A project that could take thousands of trucks off inner-west streets has been left languishing while the state government pursues its privatisation of Melbourne’s port.

The $58 million Port Rail Shuttle proposes shifting freight between Swanson Dock and three inland container terminals, and has been in the pipeline since 2007.

The freight rail shuttle could take an estimated 3500 trucks each day off city roads.

Despite already accepting $38 million in federal government funds and allocating $20 million from its own 2014-15 budget for the shuttle, the state government has effectively abandoned the project while it tries to privatise the Port of Melbourne.

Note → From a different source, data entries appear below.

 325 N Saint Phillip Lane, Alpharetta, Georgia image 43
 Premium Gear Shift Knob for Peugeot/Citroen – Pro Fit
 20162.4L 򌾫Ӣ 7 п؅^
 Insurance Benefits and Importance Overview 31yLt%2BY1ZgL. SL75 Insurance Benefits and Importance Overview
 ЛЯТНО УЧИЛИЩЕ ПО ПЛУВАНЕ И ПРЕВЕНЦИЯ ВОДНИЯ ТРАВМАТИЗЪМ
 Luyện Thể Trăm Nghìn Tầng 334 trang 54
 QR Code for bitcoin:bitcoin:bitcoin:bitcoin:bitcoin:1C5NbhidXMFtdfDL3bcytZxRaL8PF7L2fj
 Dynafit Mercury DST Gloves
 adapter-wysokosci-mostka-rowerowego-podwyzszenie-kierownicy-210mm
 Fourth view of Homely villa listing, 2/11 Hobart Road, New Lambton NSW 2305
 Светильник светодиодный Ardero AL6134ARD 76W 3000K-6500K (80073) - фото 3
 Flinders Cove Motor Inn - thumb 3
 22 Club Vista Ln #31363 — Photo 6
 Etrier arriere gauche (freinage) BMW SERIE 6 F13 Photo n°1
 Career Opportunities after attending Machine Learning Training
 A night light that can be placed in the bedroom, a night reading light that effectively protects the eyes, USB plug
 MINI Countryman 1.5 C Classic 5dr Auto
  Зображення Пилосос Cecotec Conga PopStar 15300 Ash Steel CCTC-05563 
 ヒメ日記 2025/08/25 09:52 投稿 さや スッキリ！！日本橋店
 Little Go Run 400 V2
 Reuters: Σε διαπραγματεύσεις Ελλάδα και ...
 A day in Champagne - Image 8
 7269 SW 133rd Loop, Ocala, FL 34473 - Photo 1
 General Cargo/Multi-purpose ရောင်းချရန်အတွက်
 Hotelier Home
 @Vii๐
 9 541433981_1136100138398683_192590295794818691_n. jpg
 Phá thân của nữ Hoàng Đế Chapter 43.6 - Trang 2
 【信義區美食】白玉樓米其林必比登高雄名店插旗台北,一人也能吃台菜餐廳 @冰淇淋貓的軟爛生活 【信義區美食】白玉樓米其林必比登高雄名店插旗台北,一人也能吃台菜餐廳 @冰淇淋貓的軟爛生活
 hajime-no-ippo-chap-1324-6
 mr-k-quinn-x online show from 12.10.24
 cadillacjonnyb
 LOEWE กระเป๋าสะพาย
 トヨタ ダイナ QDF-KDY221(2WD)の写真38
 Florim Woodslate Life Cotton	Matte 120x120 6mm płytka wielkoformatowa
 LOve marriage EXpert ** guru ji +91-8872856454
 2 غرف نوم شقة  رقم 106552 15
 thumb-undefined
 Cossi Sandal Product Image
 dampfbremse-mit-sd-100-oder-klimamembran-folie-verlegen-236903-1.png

Western suburbs Greens MP Colleen Hartland has slammed both current and previous governments over the delay.

“The Labor government has a cheap and quick solution to remove more than half the trucks from our local streets, and they have dumped it,” she said.

Ms Hartland last week told Parliament the people of Yarraville and Footscray put up with pollution, noise and road safety risks from thousands of port-bound container trucks on a daily basis.

“It’s an absolute outrage that the Labor government is willing to consider making motorists and governments pay $5.5 billion for the Western Distributor proposal, when there is a far more affordable and effective solution available.”

A spokesman for Roads and Ports Minister Luke Donnellan said the government still supported a freight rail proposal at the port.

“The Port Rail Shuttle is one concept that may lead to improved rail modal share at the Port of Melbourne, but there are a range of other potential initiatives,” he said.

“The government will pursue these in conjunction with the Port of Melbourne lease transaction.”

The successful bidder would be required to protect rail corridors inside the port and consider rail options during its lease term.

Victoria University logistics expert Hermione Parsons warns port privatisation could leave taxpayers facing an expensive compensation bill.

Ms Parsons on Monday told Victoria University’s Port Privatisation in Australia forum that container capacity at the Port of Melbourne would be reached in the next 20 years.

“Currently, the privatisation proposal exposes Victorians to a massive compensation payout if a second container port is developed in the next 50 years,” Ms Parsons said.

Public hearings into the proposed lease of the Port of Melbourne began yesterday and continue today.